Economia

“Reformas definem sector angolano dos Transportes”

O ministro dos Transportes definiu, ontem, em Moçâmedes, o actual estágio de evolução do sector pela concretização das reformas alinhadas às melhores práticas internacionais, assentes em mudanças profundas no domínio da produtividade e nos planos de desenvolvimento 2018-2038.

05/07/2022  Última atualização 08H35
Ministro dos Transportes pronuncia discurso na abertura do 14º Conselho Consultivo © Fotografia por: Jeovani Cola | edições noivembre | namibe

Ao falar na abertura do 14º Conselho Consultivo do Ministério dos Transportes, que encerra, hoje, naquela cidade, Ricardo de Abreu considerou a palavra "reforma” como "a mais certa” para definir o sector com base nas acções desenvolvidas nos últimos cinco anos.

No encontro, que decorre sob o lema "Cinco anos de reformas rumo ao desenvolvimento sustentável”, o ministro indicou que, no domínio das reformas, o pelouro tem estado a trabalhar para o crescimento de  uma mobilidade humana sustentável nas cidades angolanas e por esta via tornar as comunidades "mais inclusivas, seguras e resilientes ”.

O investimento nos sectores marítimo, portuário, rodoviário, ferroviário e aéreo, bem como as reformas sobre a infra-estrutura modal demonstram maior produtividade, até ao ponto de certos operadores angolanos poderem comparar-se, nesse aspecto, às companhias internacionais líderes na actividade.

"O nosso plano de reestruturação encontra-se já numa fase bastante avançada, posso, até, afirmar que já estamos na fase de consolidação das reformas”, afirmou o responsável, apontando, nesse domínio, a vigência de um quadro institucional diferente daquele que encontrado em 2018, assim como novos órgãos de regulação e supervisão, bem como um quadro legal capaz de atrair investidores privados.

Os desafios prendem-se com a adequação e modernização das infra-estruturas, aumento do nível de competitividade e integração às cadeias regionais e globais, bem como a qualificação do capital humano, apontou o titular do pelouro.

 Ricardo de Abreu acrescentou que com base nesses desafios, o Governo pode prover infra-estruturas de transportes de qualidade, confiável, sustentável e resiliente, incluindo infra-estruturas regionais e transfronteiriças para apoiar o desenvolvimento e o bem-estar humano, com foco no acesso equitativo e a preços baixos.

Ontem, no primeiro dia da realização do encontro, os participantes discutiram um documento de balanço das actividades do sector, assim como temas ligados à transformação digital e capital humano.

 

Obras no Saco Mar

O 14º Conselho Consultivo do Ministério dos Transportes, naquela cidade, realiza-se em vésperas do arranque das Obras de Requalificação da Baía de Moçâmedes, assim como da modernização das infra-estruturas do Cais Portuário e do Porto Mineraleiro do Saco Mar, orçadas em 600 milhões de dólares, em 85 por cento financiados pelo Banco de Desenvolvimento de África Austral.

O governador do Namibe, Archer Mangueira, manifestou expectativas quanto à prevista prioridade da subcontratação de empresas locais para a obra, pelo que isso representa no recrutamento e formação dos jovens locais para preencher as "muitas centenas de postos de trabalho directos” que serão criados.

O universo das profissões previsto para a fase das obras e as posteriores inclui a gestão das operações portuárias e de equipamentos, logística, tramitação de comércio externo e a operação de equipamentos, como gruas de contentores, navios e radares, projecta o governador.
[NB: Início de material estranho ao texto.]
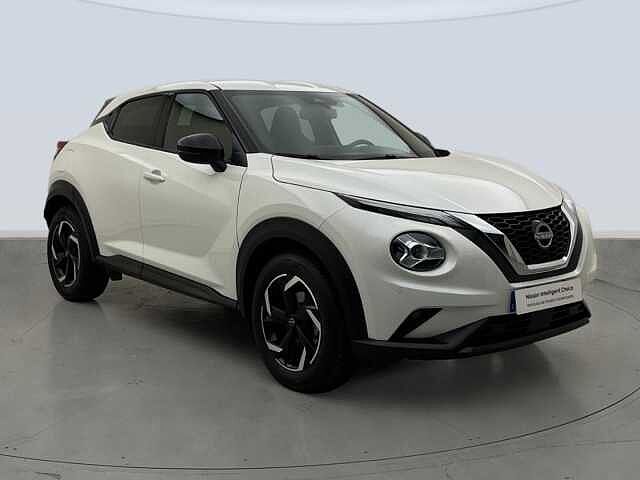 Nissan Juke DIG-T N-Connecta 4x2 84 kW (114 CV)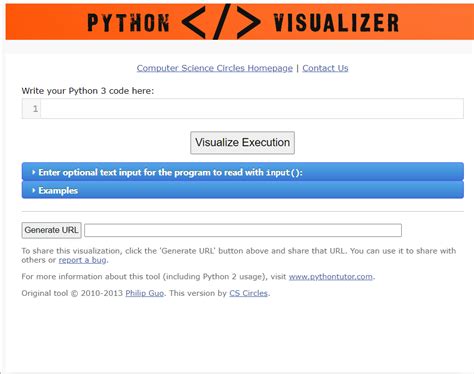 Afbeeldingsresultaten voor Visualiser Code Python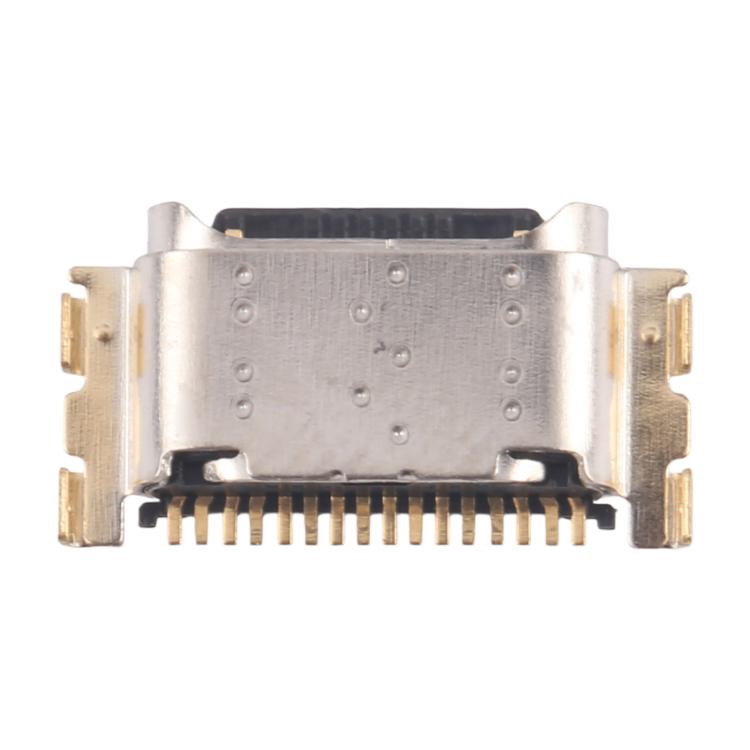 For OPPO A52 4G CPH2061 10pcs Original Charging Port Connector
Archer Mangueira cinsiudera que, uma vez em funcionamento, e, consolidadas as "centenas de novos empregos”, essa infra-estrutura pode gerar ainda mais oportunidades de negócio, investimentos e criação de empregos qualificados para os jovens que agora frequentam a Universidade do Namibe e o ensino médio nas escolas dos cinco municípios da província.

O governador do Namibe apelou à Agência Marítima Nacional para estabelecer os mecanismos de certificação destes profissionais e implementar os códigos marítimos exigidos para colocar o país na "Lista Branca” da Organização Marítima Internacional (OMI). Para tal, garante o apoio e empenho da Universidade do Namibe e suas áreas científicas.